- Published: 06.01.2022.
Minister Grlić Radman: Mostar good model for electoral reform to prevent outvoting
"The electoral law should be changed so that it reflects the example from Mostar in order to allow for a fair representation of the constituent peoples in the collective bodies based on the Dayton peace agreement," Grlić Radman said at a press conference in the southern city.
He said that this "primarily refers to the tripartite Bosnia and Herzegovina Presidency and the House of Peoples", adding that he was thinking primarily of the Croatian people.
In June 2020, Dragan Čović, leader of the Bosnian Croat HDZ BiH party, and Bakir Izetbegović, leader of the Bosniak SDA party, signed an agreement on local elections in Mostar and an agreement amending the electoral law to eliminate discrimination in accordance with the judgements of the European Court of Human Rights and the BiH Constitutional Court in the Ljubić case.
Those agreements made it possible to hold local elections in Mostar after 12 years, and the Bosniaks are not outvoted by the Croats in the City Council.
Present at the signing ceremony were representatives of the US and EU administration, the UK, the Office of the High Representative and the OSCE mission.

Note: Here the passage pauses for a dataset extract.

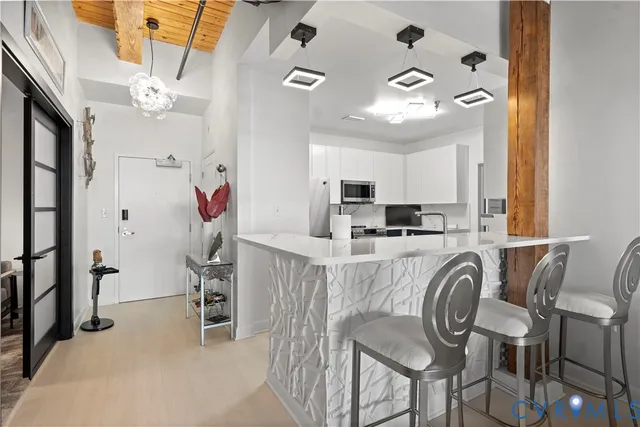 a view of a workspace with furniture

Representatives of the EU and the US have been trying for months to mediate in amending the electoral law in at the level of the state, but there is no progress between the Bosniak and the Croat population.

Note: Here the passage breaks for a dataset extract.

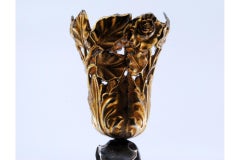 Silver toothpick holder with golden chalice resting on a vine and a cut-out base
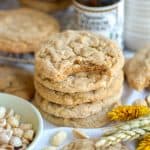 A stack of Peanut Butter Banana Cookies with a bite taken out of the top cookie.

On Wednesday, Grlić Radman said that it was contrary to the Dayton peace agreement that Croats were outvoted at the state level of the state.
"That is contrary to the spirit and letter of the Dayton peace agreement. Necessary amendments to the electoral law should remove all forms of discrimination and inequality and ensure legitimate political representation of the Croatian people in collective bodies," Minister Grlić Radman said.

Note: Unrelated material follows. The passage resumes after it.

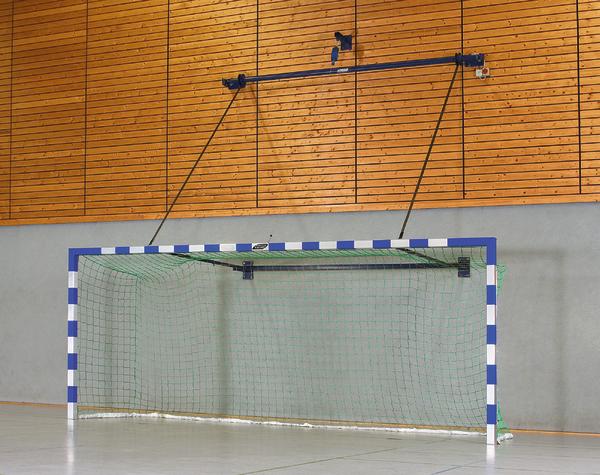 Handballtor mit blau-weißen Pfosten und grünem Netz in Sporthalle vor Holzwand.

The political agreement on Mostar has overcome interethnic disputes and ensured the functioning of the city, Mayor Kordić said.
"I think everyone understands that this is the way how BiH should function because this city has been functioning normally for the last nine months," he said.
In the evening, Grlić Radman met with the Bishop of Mostar, Petar Palić, and the head of the Franciscan Province of Herzegovina, Miljenko Šteko, ending his two-day visit to Bosnia and Herzegovina.
Grlić Radman stopped over at Grabovica, near Mostar, to pay tribute to 32 Croat civilians massacred by the Bosnian army in September 1993.